Tuesday, October 12, 2010

Forget Women's Studies, Major in Rhetoric

The trouble with having to major in only one or two subjects is that your perceptions of the world, and everything that happens in it, are skewed by the theories of prominent thinkers in your respective field(s), ones with which you are bludgeoned throughout years spent in academia.  Not only does having a limited field of knowledge flatten your world views, but it makes impromptu discussions and arguments exceptionally dull; not only for your peers, who may have heard your same argument repeatedly, but for you as well.  On the rare occasion when my sense of awareness is acutely introspective, I will consciously step out of a conversation involving issues of gender or sexuality for fear that after hearing one or two conflicting opinions to my dogmatic views of equality and women's rights, I'll throw all etiquette and discourse to the wind, and in an impassioned feminist rage, scream, "YOU'RE JUST WRONG, OKAY?!" 

Part of me fears that this occasional refusal to contribute is downright submission to the opposition.  But in reality, I think this is really just a practice in rhetoric.  By practicing silence and absorbing the ideas of differing opinions, rather than ranting off Gloria Steinem's theories of revaluated economics (which, in all honesty, is exactly what I will be doing in a post to follow shortly...brace yourselves.), I'll be able to create a peripheral framework around my own ideas on the issue.  Once I understand their frame of reference, I'll have an easier time of using it against them in future debates.  (Oh, how diva-ous of me!)
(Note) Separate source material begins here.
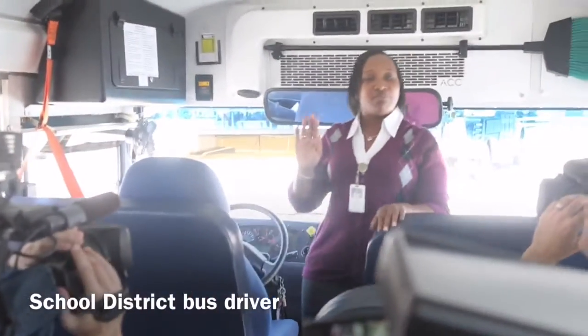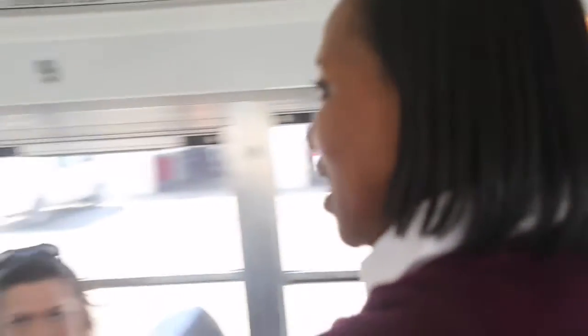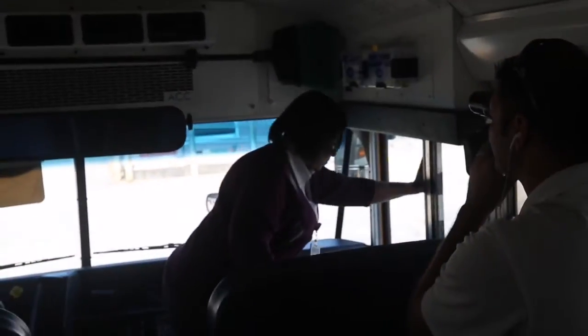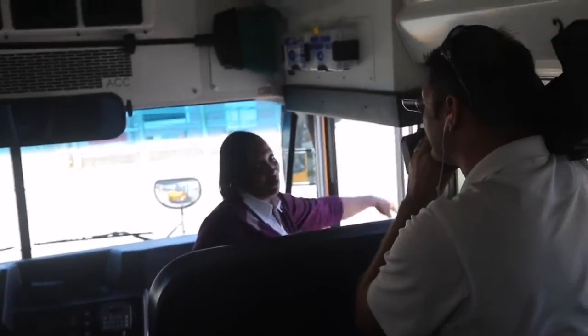What I would do is go to the back to check if there are any children in the seats or if anybody left anything. Once I get all the way to the back and don't see anything, if I forget to hit that button I'd have to come back up. If I attempt to go out this door without hitting the button in the back, that alarm goes off — here's the alarm back here.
If you break it down, media with which we immerse ourselves, such as news channels, literary publications, or academic journals, usually include facets from every dominant ideology.  These facets include differentiating popular belief, societal conventions, patterns of discourse, etc.  We advocates are the media rhetors' audience: we choose which of the above we want to do away with and which we want to use as a framework for debate.  Our championing social change stems directly from how successful rhetoric is used in persuading, say, a branch of government to get on board with a particular issue.

Basically, what all this mumbo-jumbo jargon comes down to is this: Successful advocacy breeds empowerment; empowerment comes when all obstacles are conquered.  Lack of knowledge is the obstacle to progress.  If we want to achieve equality, we must know all components of our opponents.

Put that on your picket signs, and hold it.